**About this exercise**
Copy out the data below as written; omit any images.

Given data Start Marker

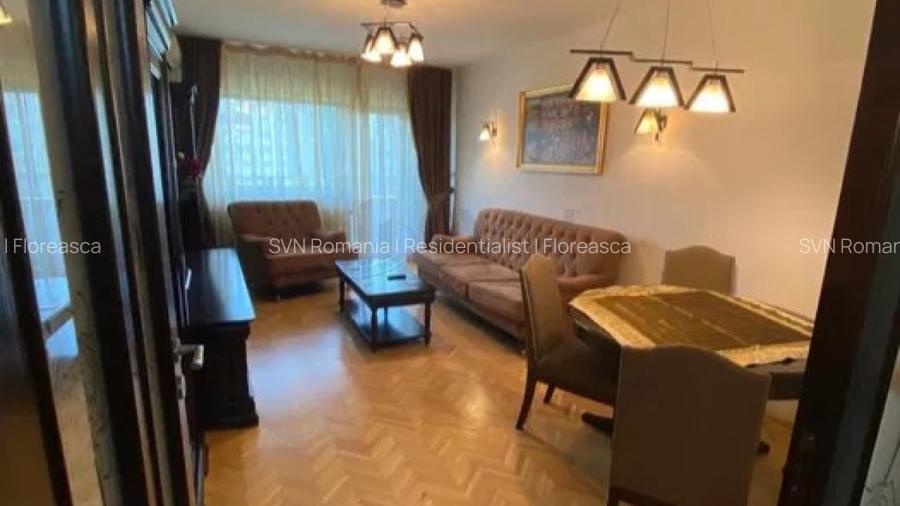 REA1023549 Apartament 2 camere l Bulevardul Unirii - 2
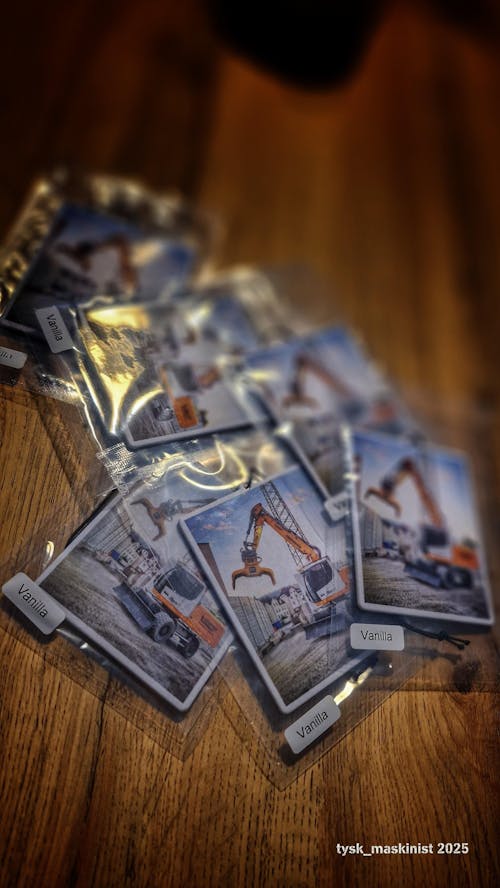 Duftbäume mit deinem Logo oder Bild (jedes Motiv möglich)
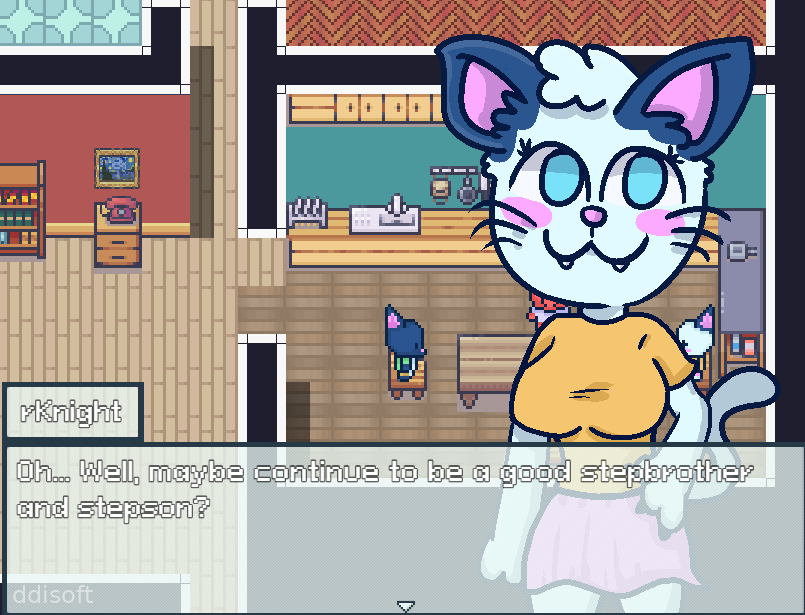 FieState screenshot 2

Given data End Marker

**Exercise solution**
 REA1023549 Apartament 2 camere l Bulevardul Unirii - 2
 Duftbäume mit deinem Logo oder Bild (jedes Motiv möglich)
 FieState screenshot 2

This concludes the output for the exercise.